*What the task requires*:
In the material below, find the line containing "Table de chevet avec" and the line containing "Kuzco Tank Tops, a". Output those two lines and all lines between them exactly, without pictures.

*Record set*:
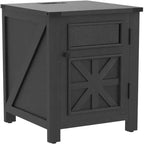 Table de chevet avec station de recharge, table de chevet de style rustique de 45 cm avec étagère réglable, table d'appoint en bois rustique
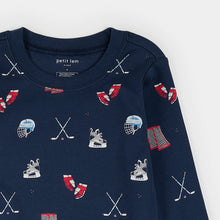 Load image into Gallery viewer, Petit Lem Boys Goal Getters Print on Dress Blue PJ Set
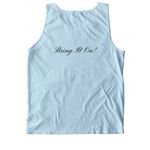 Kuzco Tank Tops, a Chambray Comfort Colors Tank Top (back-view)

* * *

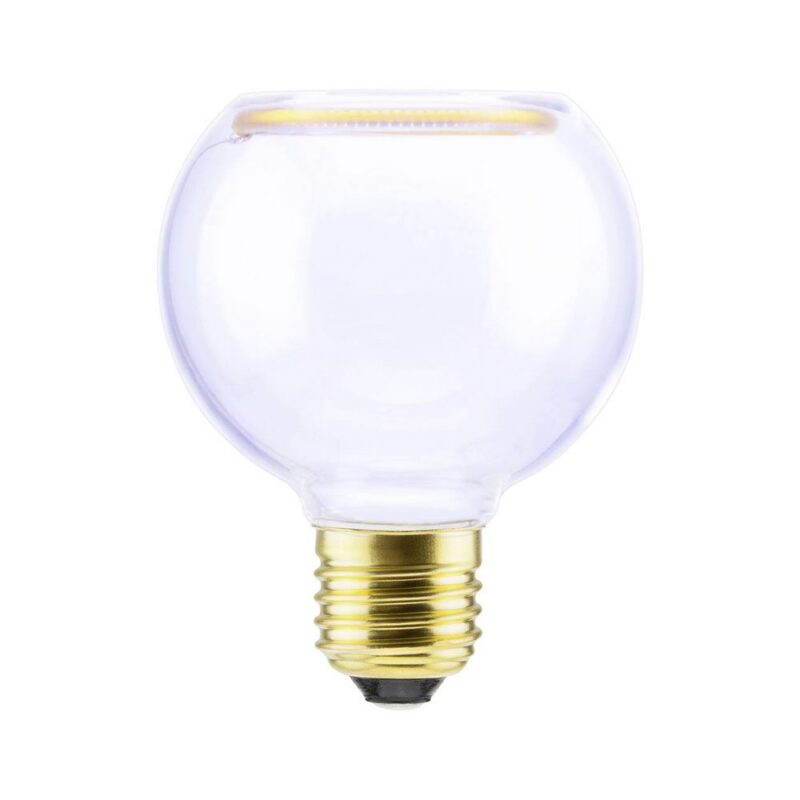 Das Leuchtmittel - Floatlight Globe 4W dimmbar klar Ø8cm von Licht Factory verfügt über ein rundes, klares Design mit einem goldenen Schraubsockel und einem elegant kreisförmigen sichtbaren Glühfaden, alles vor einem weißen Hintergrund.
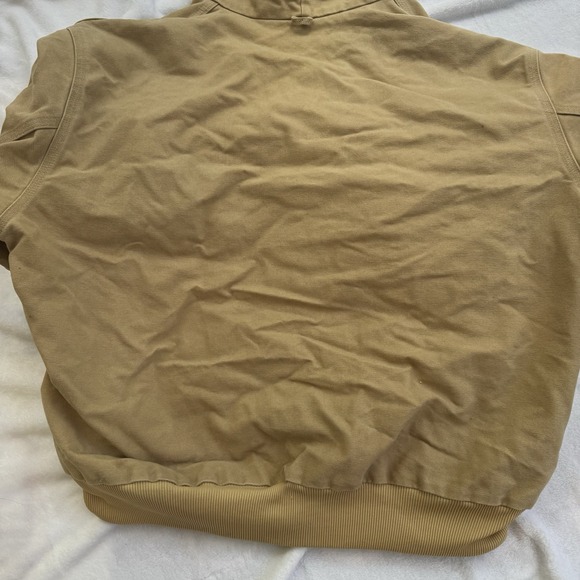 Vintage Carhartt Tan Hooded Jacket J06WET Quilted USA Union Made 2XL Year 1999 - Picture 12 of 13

*Your response*:
 Table de chevet avec station de recharge, table de chevet de style rustique de 45 cm avec étagère réglable, table d'appoint en bois rustique
 Load image into Gallery viewer, Petit Lem Boys Goal Getters Print on Dress Blue PJ Set
 Kuzco Tank Tops, a Chambray Comfort Colors Tank Top (back-view)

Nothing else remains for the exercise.